Style-Rank

Style Rank, a unified benchmarking framework for generative styling models in PyTorch. This repository contains code wrapping the implementations of several papers in the field of generative styling models and implementation of metrics to evaluate the quality of the generated images. We also provide Style-Rank, an evaluation dataset for comparison of the models.

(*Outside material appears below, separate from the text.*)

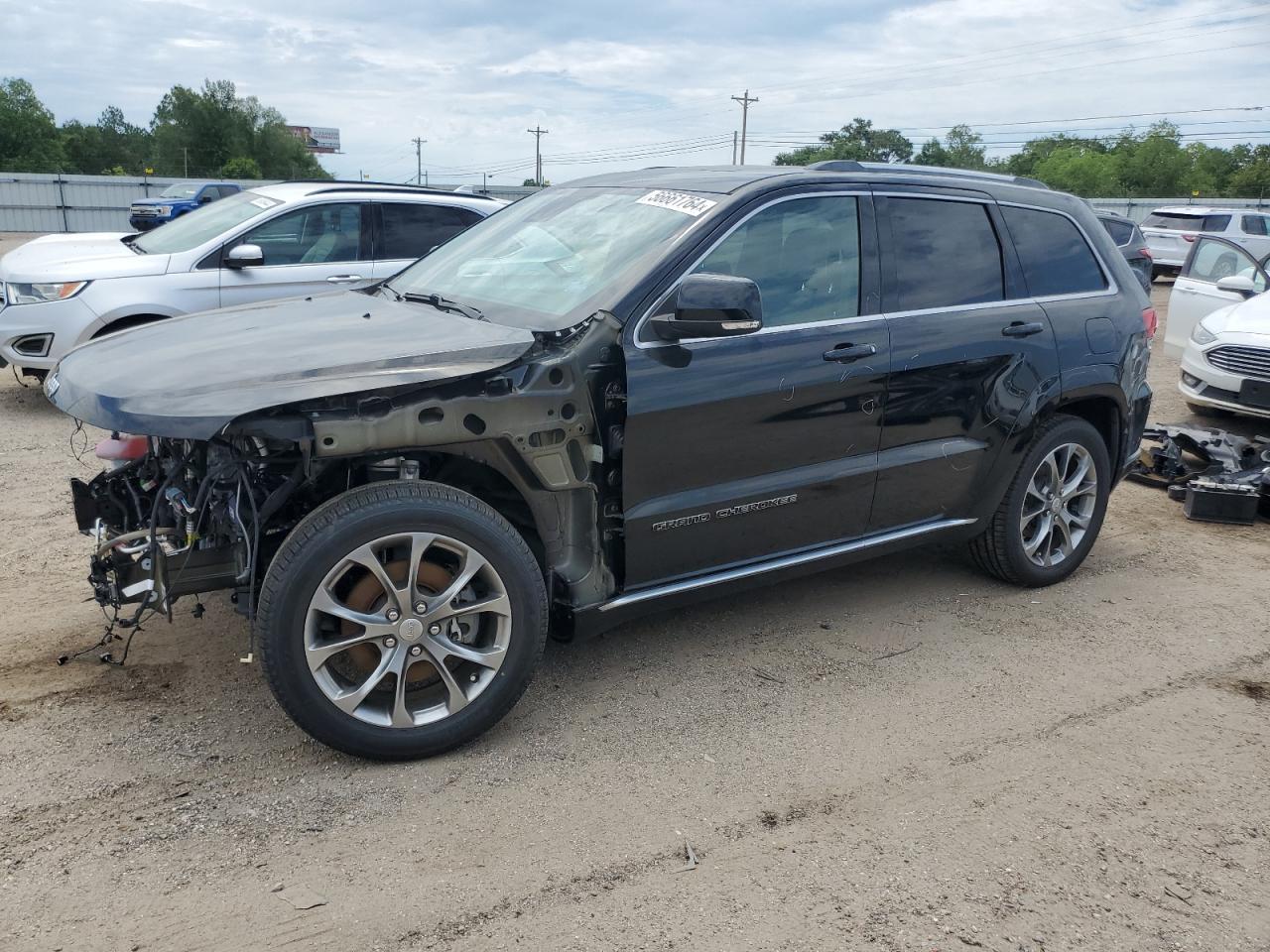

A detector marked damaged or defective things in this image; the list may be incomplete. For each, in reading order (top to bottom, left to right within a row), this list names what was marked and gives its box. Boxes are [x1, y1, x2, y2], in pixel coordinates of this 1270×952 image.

This work was developed by Eyal Benaroche, Clément Chadebec, Onur Tasar, and Benjamin Aubin from Jasper Research and Ecole Polytechnique.

Models

Model	Arxiv	Code	Project Page	Notes
StyleAligned	Arxiv	Code	Project Page
VisualStyle	Arxiv	Code	Project Page
IP-Adapter	Arxiv	Code	Project Page	Using the implementation from Diffusers
InstantStyle	Arxiv	Code	Project Page	Using the implementation from Diffusers
CSGO	Arxiv	Code	Project Page
Style-Shot	Arxiv	Code	Project Page

Metrics

We implemented several common metrics to evaluate the quality of the generated images:

CLIP-Text metric : Cosine Similarity between a caption (embedded using ClipTextModel) and the generated image (embedded using ClipVisionModel) - Using the implementation from Transformers
CLIP-Image metric : Cosine Similarity between two images (embedded using ClipVisionModel) - Using the implementation from Transformers
Dino : Cosine Similarity between two images (embedded using Dinov2Model) - Using the implementation from Transformers
ImageReward : Score from the ImageReward model

Dataset

The dataset is an aggregation of images from multiple styling papers:

Setup

To be up and running, you need first to create a virtual env with at least python3.10 installed and activate it

With `venv`

python3.10 -m venv envs/style_rank
source envs/style_rank/bin/activate

With `conda`

conda create -n style_rank python=3.10
conda activate style_rank

Install the dependencies

Then install the required dependencies (if on GPU) and the repo in editable mode

pip install --upgrade pip
pip install -r requirements.txt
pip install -e .

Usage

Using the provided code, you can generate stylized images on the provided datasets (or your own given the right format) and evaluate them using the provided metrics. Results can fluctuate as the generation is not seeded and the default prompts are sampled from a list of prompts.

Dataset

The dataset is formated to be used with WebDataset

You can download it locally

wget -O data/stylerank_papers.tar "https://huggingface.co/datasets/jasperai/style-rank/resolve/main/stylerank_papers.tar"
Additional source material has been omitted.